With the entire world focused on meaningless events on social media, it can be hard to concentrate on things that are really important. Therefore, I have bravely decided to take on the overwhelming task of a social-media cleanse, I voluntarily choose not to use social media apps on my phone for as long as possible and instead socialize in person. After leaving my phone number on every app possible so that others can contact me in case of an emergency, I decided to begin my journey. 

It has been a solid two minutes and 35 seconds since I deleted my Instagram, Twitter and Snapchat apps. I have to say, I am feeling amazing! Without the constant notifications from my phone, I am now forced to focus on things that matter, such as improving my English by writing and talking to my family, both activities I never would have thought to do if it wasn’t for this enlightening cleanse. Being away from social media for such a long time has also greatly reduced my feelings of anxiety. 

An excruciating ten minutes has passed since the last time I updated my diary, and I take back what I said about the reduced feelings of anxiety. Missing human connection, I picked up my first newspaper since middle school, but I was horrified to discover that our beloved Barack Obama was no longer our president. Instead it was this man named Donald Trump, and although I had just learned about him serving as the U.S. president, it seemed that he was already halfway through his presidential term. 

It has been 15 minutes since the start of my social media detox, and I can already feel the end approaching. I received a few important emergency texts and calls from friends asking to hang out. Although my cleanse is doing its job by forcing me to meet up and have face-to-face conversations with people  instead of depending on FaceTime, I had to say no to their invitations. I mean, what is the point of hanging out with anyone if you can’t post a cute photo or Instagram boomerang to your story?

It’s almost as if I can’t be happy with myself or continue living my life without all the online validation I receive through likes and comments from fellow peers.

It has been one minute since I last updated my diary, and I am slowly realizing that my life has absolutely no purpose without social media. I mean, why am I even persevering with this cleanse for so long if I can’t post about it on my Snapchat story and relay to the entire world how brave I am for carrying through? What is the point of this detox if I am not encouraging other avid social media users online to do the same? I can’t believe I gave up hours of endless and humorous scrolling on TikTok for face-to-face conversations with my family. This is so not worth it.

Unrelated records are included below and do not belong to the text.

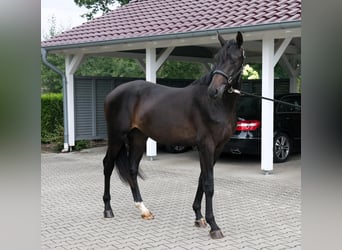 Oldenburger, Hengst, 2 Jahre, 165 cm, Schwarzbrauner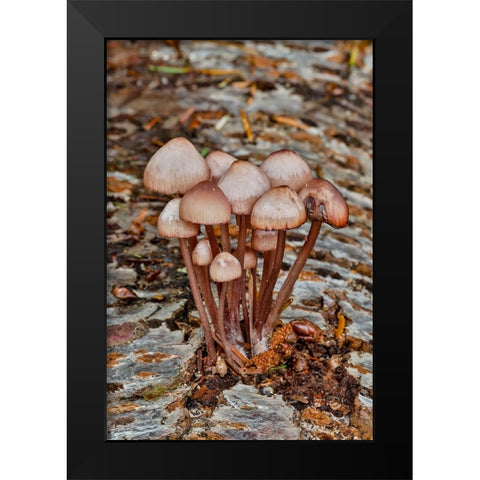 USA- Washington State- Sammamish. Mushrooms growing on fall alder tree log Black Modern Wood Framed Art Print by Gulin, Darrell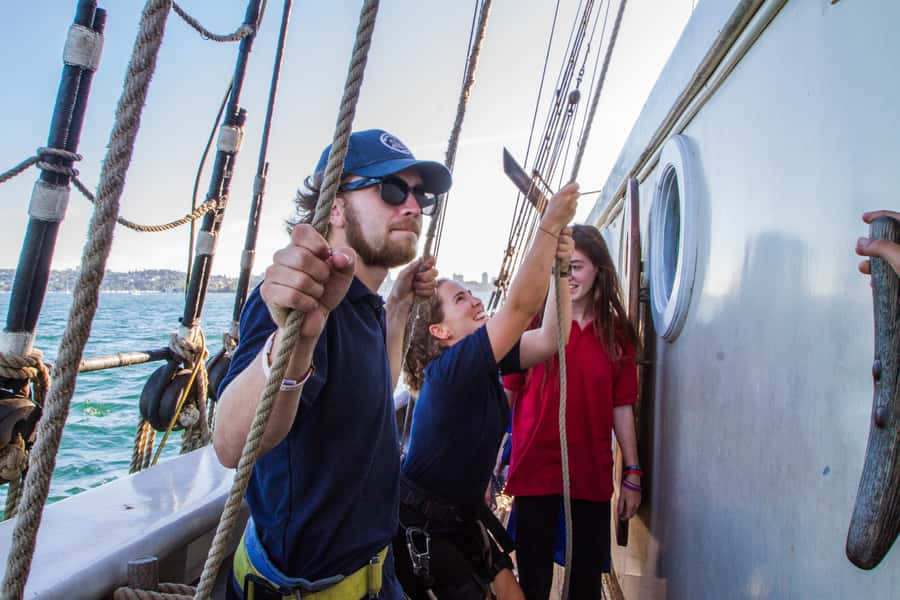 Sydney: Tall Ship Harbour Twilight Dinner Cruise - Is $77 good value?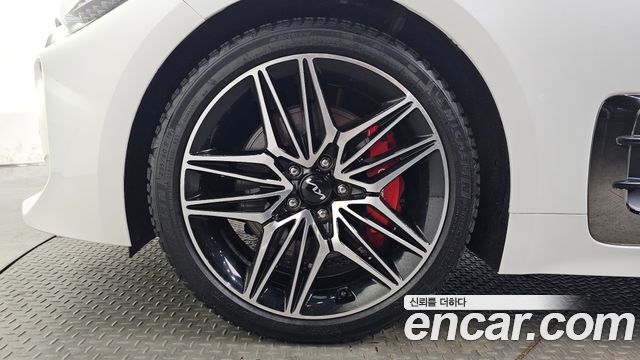 Kia Stinger Meister 2.5 AWD Masters 2022 — фото 5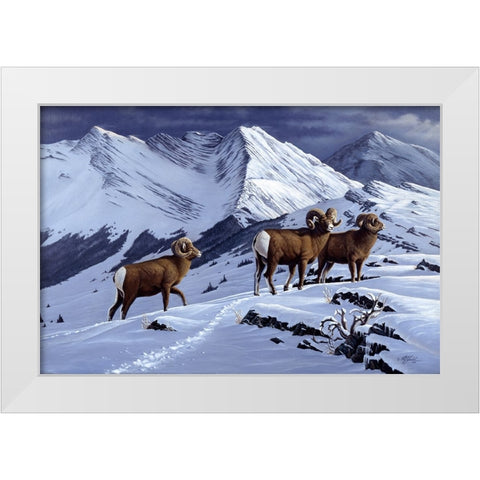 High Country Rams White Modern Wood Framed Art Print by Goebel, Wilhelm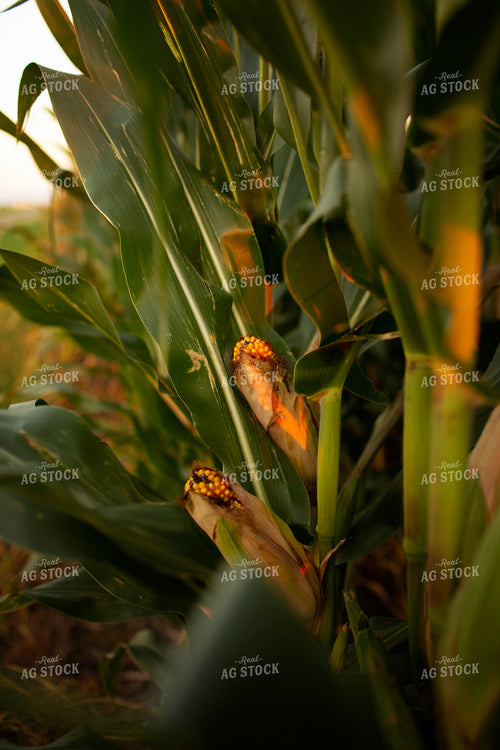Corn - Mid-Season 2331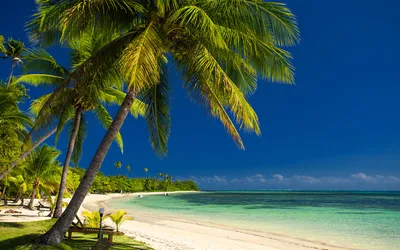 панорама тропического пляжа с кокосовыми пальмами Стоковое Изображение -  изображение насчитывающей побережье, путешествие: 215625277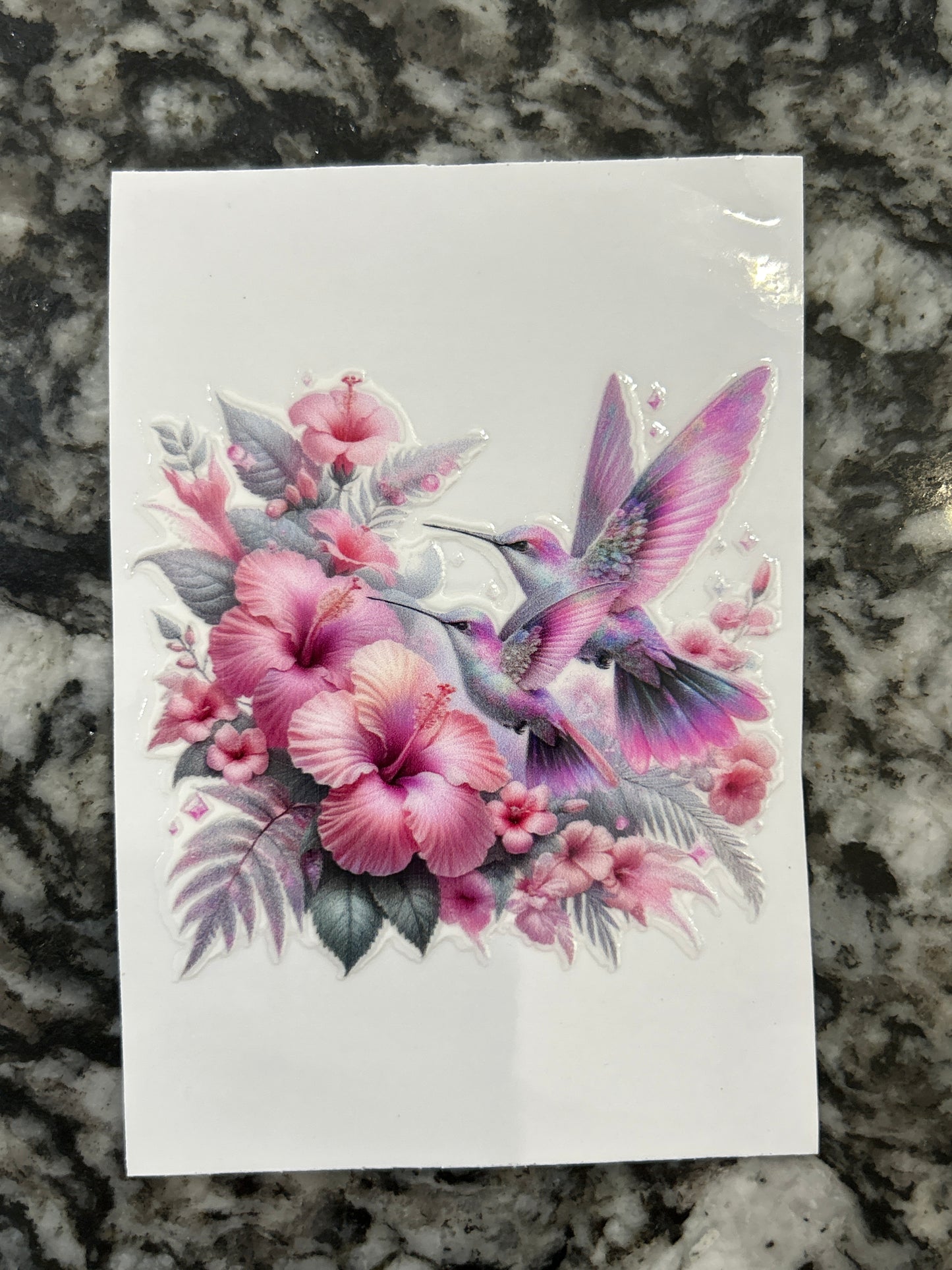 Hummingbird 2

After a painful 20 minutes, I have decided that it is time to end my social media cleanse challenge. I am proud of myself for pushing through such an excruciatingly long and tedious period of my life in order to rediscover myself and my thoughts without the influences of social media. I feel rejuvenated and am learning to appreciate myself without validation from others (at least for the first half of my cleanse before the anxiety kicked in). So long detox, maybe I’ll see you again when I need to take another serious break from social media.